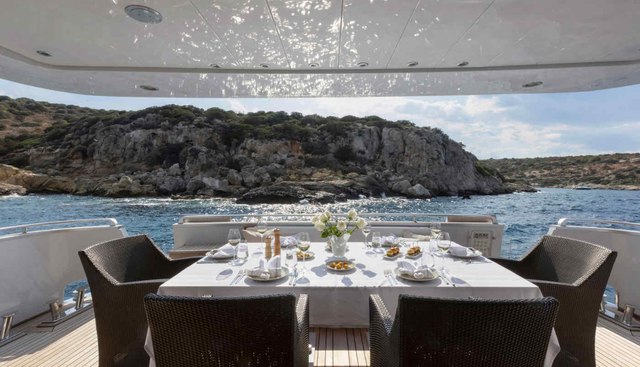 Bubbly Yacht 4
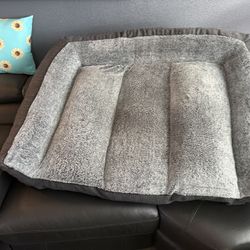 Dog bed Like New Large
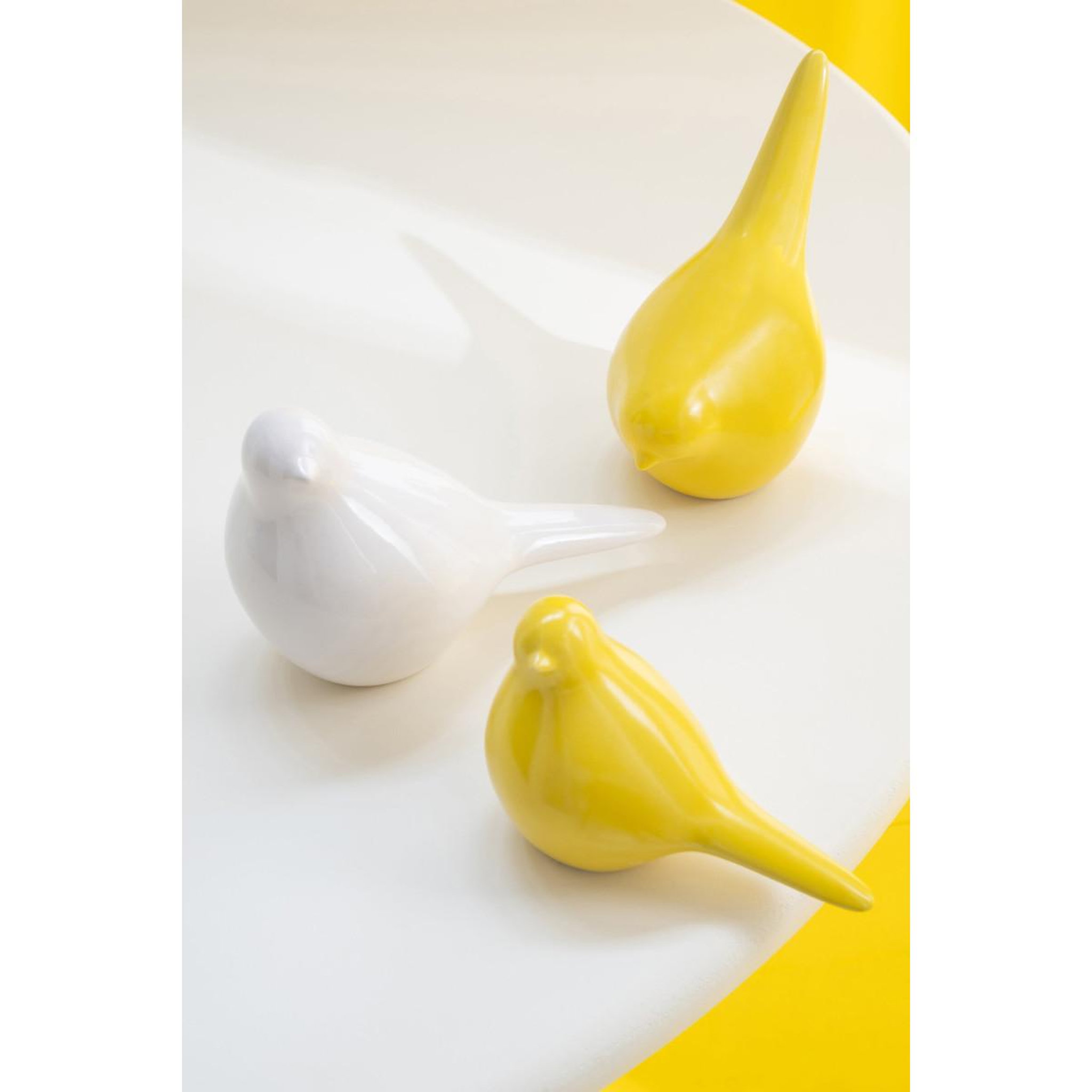 Voir la diapositive 2 : J-LINE Lot de 3 oiseaux déco en porcelaine  envol  18cm blanc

= = = = = = =

Exercise aim:
I would like the lines from the one with "Dog bed Like New Large" through the last line of the data above retyped exactly, with pictures left out, please.

Result of this task:
 Dog bed Like New Large
 Voir la diapositive 2 : J-LINE Lot de 3 oiseaux déco en porcelaine  envol  18cm blanc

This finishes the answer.